───── DATA EXTRACT
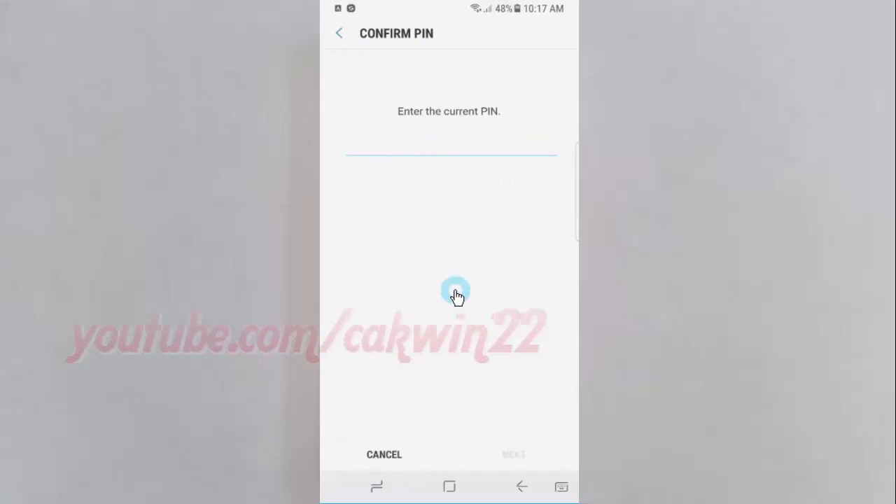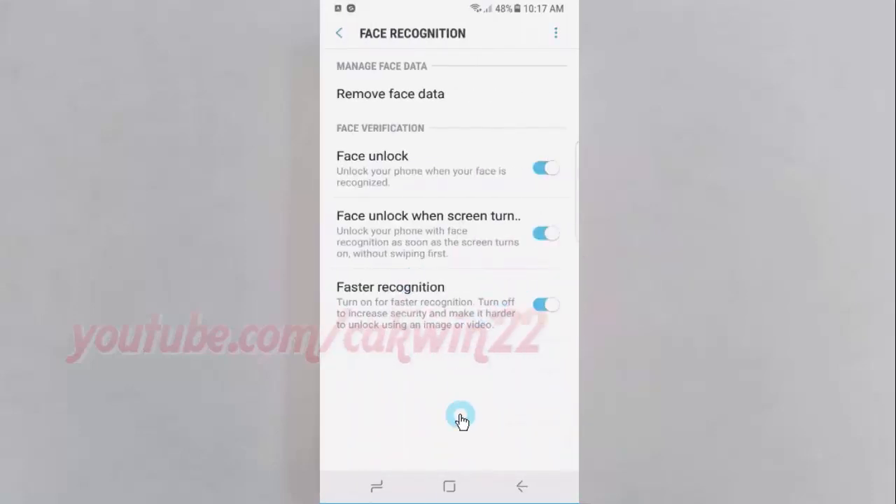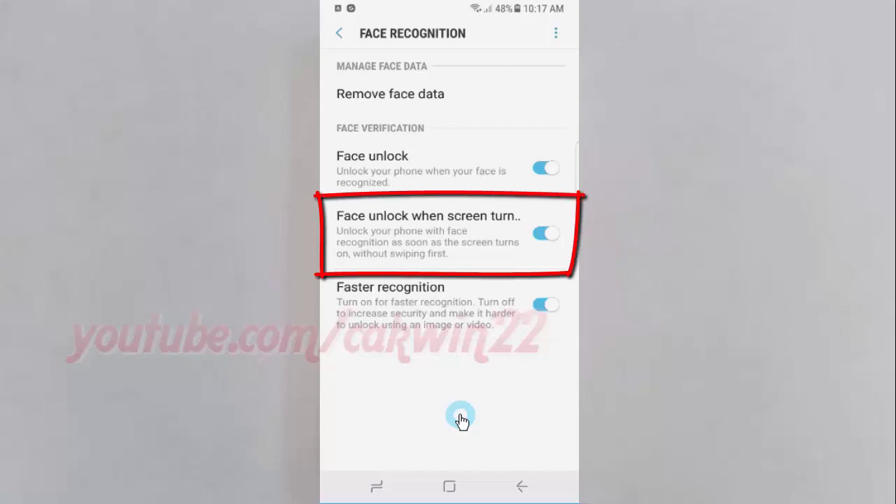Enter the current password, PIN, or pattern, then tap Next. Tap the Face unlock when screen turn on switch until blue to enable, or tap until grey to disable.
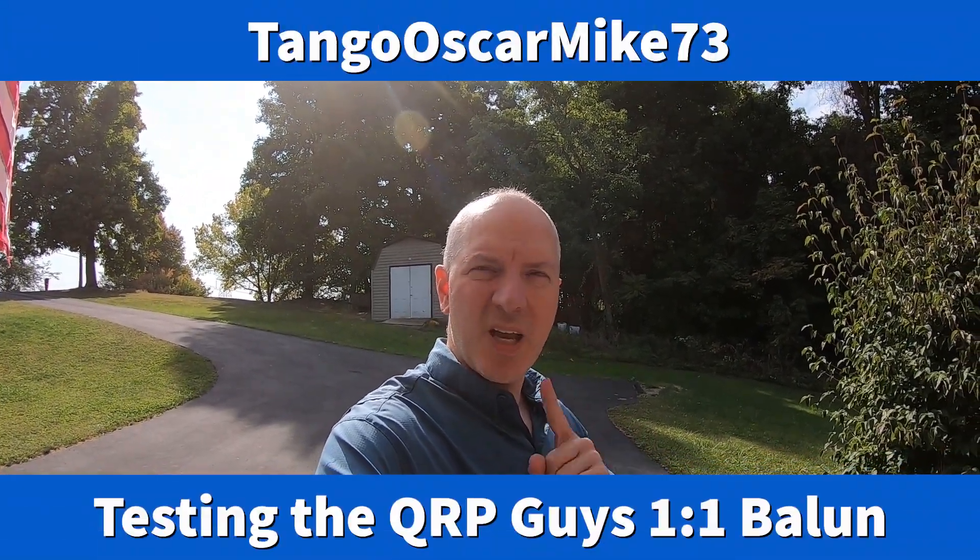Hey everyone, it's Tango Oscar Mike. I'm going to be testing that new one-to-one balun I made from QRPGuys on my linked dipole today.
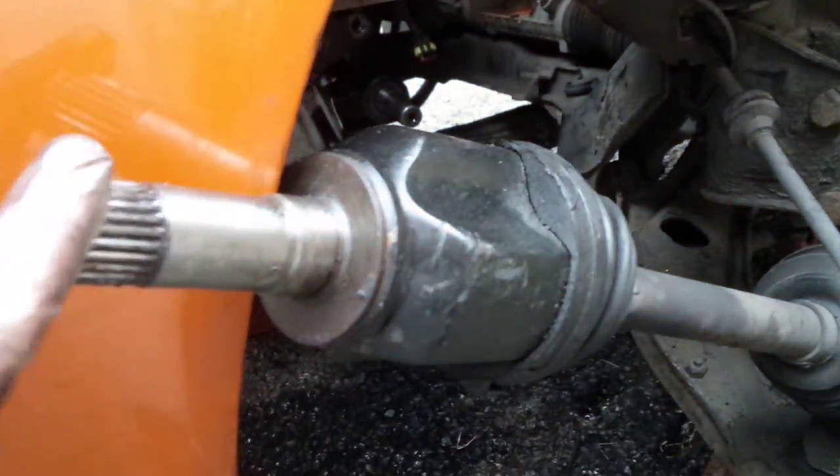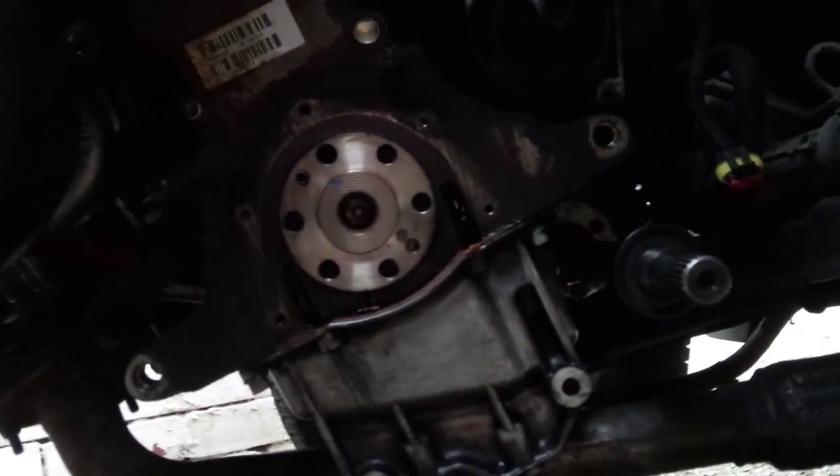Just an update on the car. That's the hole where the gearbox used to be. If you have a look down here, this is the driveshaft. That's where the clutch was.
──────────
Exact copy, pictures removed: set down the whole listing above.

Enter the current password, PIN, or pattern, then tap Next. Tap the Face unlock when screen turn on switch until blue to enable, or tap until grey to disable.
Hey everyone, it's Tango Oscar Mike. I'm going to be testing that new one-to-one balun I made from QRPGuys on my linked dipole today.
Just an update on the car. That's the hole where the gearbox used to be. If you have a look down here, this is the driveshaft. That's where the clutch was.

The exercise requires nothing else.